MagicJack got in on the Act act, too. Not to mention Gold’s Gym.

The Baltimore Orioles.

And Carmike Cinemas.

Auto manufacturers, traditionally among the most eager advertisers to take an overused concept and overuse it a little more, are noticeably absent from the stimulus parade. In fact, they’ve been uncharacteristically subdued all around in their recent advertising. Can’t imagine why.

Wait, there’s one more. Valpak, not satisfied with being “America’s largest purveyors of junk mail”, and now opting for the slightly catchier “America’s original stimulus package”.

You get the idea. Then again, you’re probably not a creative director who’s convinced that the first idea that pops into his head must therefore be the best one.

Here’s the seventh verse, not unlike the first.

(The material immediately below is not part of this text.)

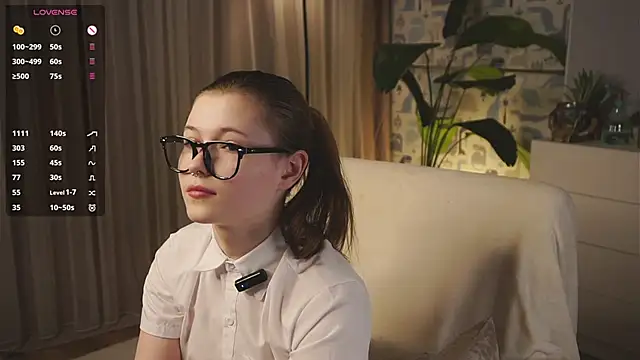 LynHillaire online show from 04/03/26, 12:22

“Bailout” and “stimulus” might be similar symptoms of the same disease, but regardless of the terms of art used, the net result in the same for viewers – languid catchphrases set to pretty pictures by a lugubrious agency, Crispin Porter + Bogusky. (Slamming The Greatest Man Who Ever Lived and The World’s Most Dynamic Agency in one blog post? Why not drown a couple of kittens for good measure?)

Unlike their terrifying Burger King campaigns, at least the above CPB spot is coherent and illustrates the benefit of the product. But as Nicolae Ceaucescu’s bullet-riddled body would have said if it could have talked, shame about the execution.

The first rule of comedy applies to other forms of pervasive communication, too: never go for the obvious joke. Or the obvious reference. Or the obvious news item that’s become an intractable part of popular culture. Even in only its first month or so of existence, “stimulus package” has already passed

“what happens in _________, stays in ________” and is rapidly chasing down

“got ______?” on the career list of overused, overextended and overplagiarized campaigns. Great, we just inadvertently gave the seed of an “idea” to some Madison Avenue hack. Just remember when you eventually do see it – that the “got stimulus?” campaign had its genesis right here on the McFarlaneUSA.com blog. “got stimulus?”. Yeah, that’s Addy gold. Wonder what the product will be.